Ника: Как Вам кажется, насколько нас сейчас пускают на Запад?

Гусев Владимир Александрович: Пускают. Тут единственно, опять-таки зависит от государства. Кто платит, тот и музыку заказывает. И раньше, когда только началась перестройка, только авангард. Сейчас уже Запад авангардом наелся, слава Богу, и нам удаётся делать более интересные выставки, например, авангард и народное искусство, показывать искусство 17, 18 столетий, искусство в развитии и часто просто открывая глаза: Господи, ну мы же не знали.

Интернет-звонок: Вот у меня есть икона, она где-то 18, может, век, я точно не знаю. Там сделана заклейка лет 15 или 20, икона не в очень хорошем состоянии находится. Я могу к вам её отдать и оставить потом у вас, подарить?

Гусев Владимир Александрович: В среду можно прийти и посоветоваться для начала, чтобы посмотрели специалисты, потому что так трудно ответить. К Вам придёт специалист из отдела Древнерусской живописи.

Интернет-вопрос: Правда ли, что на Западе существует мода на Россию и то, что в России не признаётся, на Западе с удовольствием выставляется, может в пику, в оппозицию?

Гусев Владимир Александрович: Нет, сейчас, конечно, времена изменились. Мода на Россию, она во многом была политической. Вот нам сейчас за последние 10–15 лет, по-моему, удалось сделать достаточно много, чтобы она стала ещё и просто интересом, реальным интересом к искусству, а не только к перестройке.

Ника: Много ли государство даёт денег, чтобы покупать современное искусство?

Миндлин Михаил Борисович: Проблема заключается в том, что, на мой взгляд, государство даёт много денег, достаточно много. Их, конечно же, катастрофически мало, с одной стороны, но с точки зрения государства, достаточно много для общей ситуации с развитием современного искусства. На закупку произведений современного искусства выделяется, конечно, крайне мало средств не только для Центра, но и для музеев, которые являются хранителями истории. Нам приходится обращаться к спонсорам, меценатам, которые сегодня, к сожалению, весьма неохотно откликаются.

Ника: Я смотрю иногда на произведение современного искусства, и мне не нравится. Это не стыдно сказать, что мне это не нравится?

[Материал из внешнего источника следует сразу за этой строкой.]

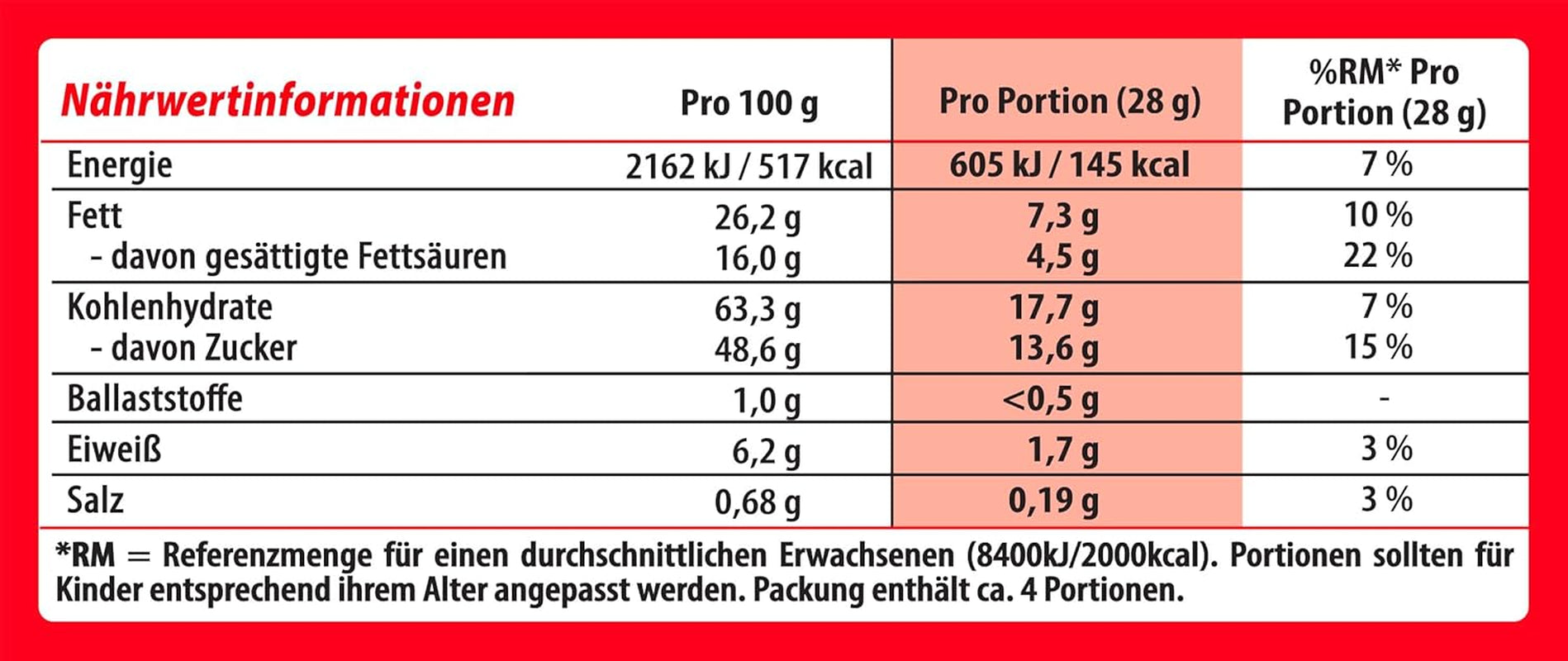 NESTLÉ weiße Kugeln, 1er Pack (1 x 130g)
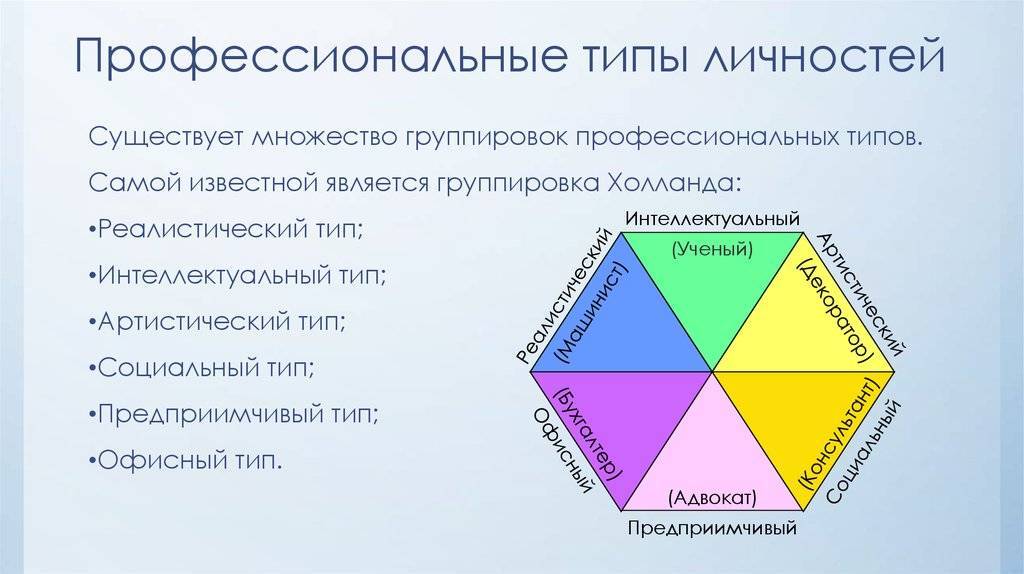 Психологический вид человека. Дж Холланд типы личности. Профессиональный Тип личности. Профессиональный Тип личности по Холланду. Определение профессионального типа личности.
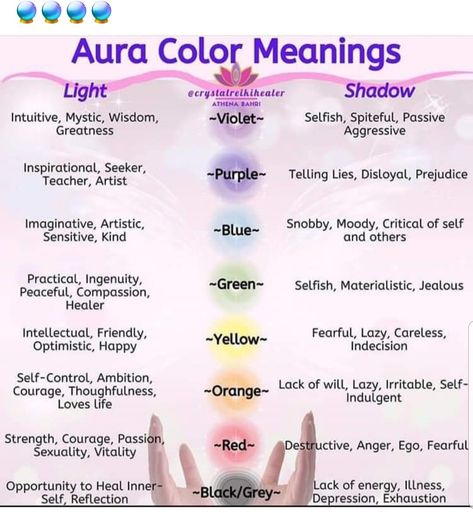 Aura Colors Meaning, Colors Meaning, Tarot Reading Spreads, Chakra Healing Meditation, Astrology Meaning, Aura Reading, Spiritual Psychology, Wiccan Magic, Witch Spirituality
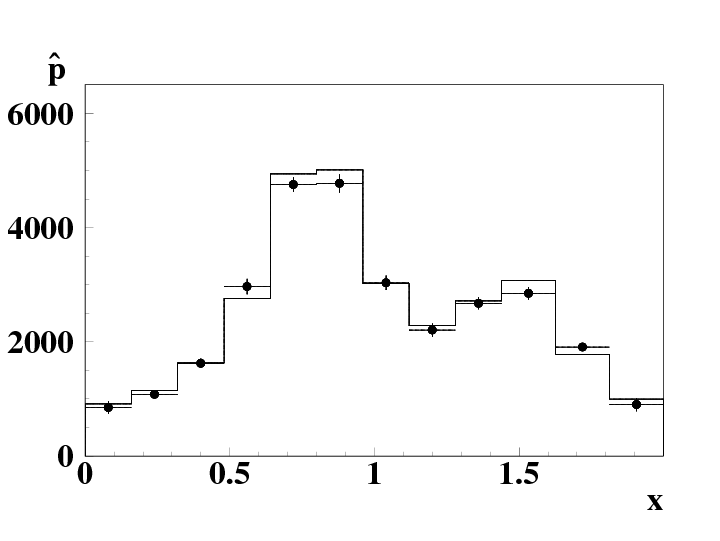 720x541 densities mixture unfolding for data obtained from detectors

Гусев Владимир Александрович: Нет, конечно. Только не торопитесь осуждать. Часто говорят, я не люблю авангард, как будто за это надо давать медаль. Надо прежде попытаться понять. Я всегда сравниваю наше представление об искусстве, вообще об истории искусства, с толщей океанских вод. Там в глубине темно, ничего не видно, ближе к поверхности появляется свет, уже ясно, кто там плавает, чуть выше – знаем, какие течения - тёплые, холодные. На поверхности всё бурлит, кипит…Трудно ориентироваться – это всегда так.